Cf. Ponca Tribe of Indians of Okla. v. Continental Carbon Co., No. CIV-05-445-C, 2009 WL 4547612, at 5 (W.D. Okla. Jan. 16, 2009) ("The Court agrees that Mr. Hamlin is unqualified to offer opinions as an expert in interpreting aerial photographs. He has had no training in this area and only a minimal amount of experience doing such work. In addition, even if he were qualified, his opinions in this area would be of limited relevance. His testimony would not aid the Court any more than would simply looking at the photographs.").

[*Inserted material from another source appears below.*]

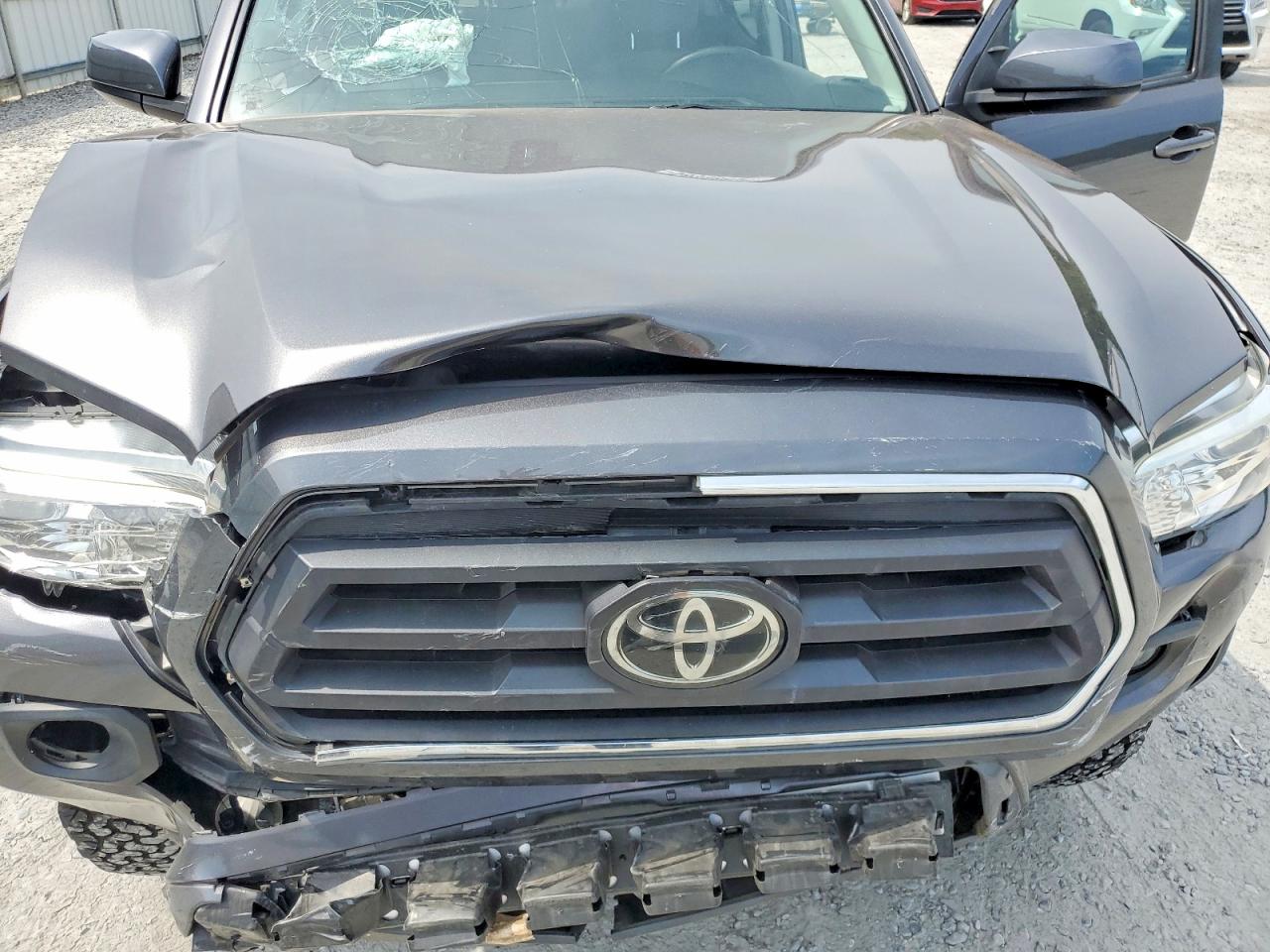 2020 Toyota Tacoma Sr5 V6 Silver vin: 3TYCZ5AN8LT007150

Defendants next argue that Ms. Sears' entire emission scenario is flawed and lacks scientific reliability. According to Dr. Zanetti, Ms. Sears' flawed methodology begins and ends with her use of the "paved road" or "parking lot" emission scenario, AP-42 § 13.2.1. Dr. Zanetti opines that there is no scientific basis to model the paved portions at the BAC Site because they do not qualify as "roads." Rather, according to Dr. Zanetti, the proper emission scenario in this case is the EPA equation for unpaved surfaces. The selection of AP-42 as an emission scenario was fully developed during defense counsel's direct examination of Dr. Zanetti on October 14, 2010:

A: In Ms. Sears' scenario, she did all the work by herself, my understanding, she developed this new theory, she developed emission rates, she applied the AERMOD model. She applied the AP-42 equations. Certainly she has the capability to select an AP-42 equation and to use it. The problem is is this the correct methodology? It's not a question of her lacking the mathematical skills to use those equations, the question is is the equation or the methodology appropriate [. . .] I tried to summarize in a way that is easy to understand, my reading of Ms. Sears' work in this case. And in particular, the emission scenario. So there are seven points. And I can start giving a brief description. Q. Okay. Before you do that, if you would, please, explain to us all what you mean by the phrase "emission scenario." A. An air pollution model is a computer program that requires basically two main inputs. The emissions and the meteorology. Q. The emission? A. The meteorology, like the wind speed, the wind direction, the temperature. So these are the two main inputs. Emission and meteorology. And the results will be the concentration data in the community. So the meteorological data are generally easy to collect. There are airports all over the United States providing meteorological data, like wind speed, wind direction that we can collect easily. So generally this is not a big task. But the emission calculation is often a major task and that has enormous consequences in air pollution modeling application because if the emissions are incorrect, the concentration will be incorrect in the same proportional amount. Q. Okay. So emission scenario refers in the BAC case to what? A. In Ms. Sears' theory, she is considering emissions from paved surface in the wood storage area. So task number one is my description of her work, that for the period `69 to 1993, she assumes that contaminated liquid, liquid contaminated with heavy metals, arsenic and chromium 6, is dripping from the treated wood in the wood storage area and this liquid will drip over — or this paved surface of the wood storage area. That's step number one. (RT, Oct. 14, 2010, 703:8-707:2.)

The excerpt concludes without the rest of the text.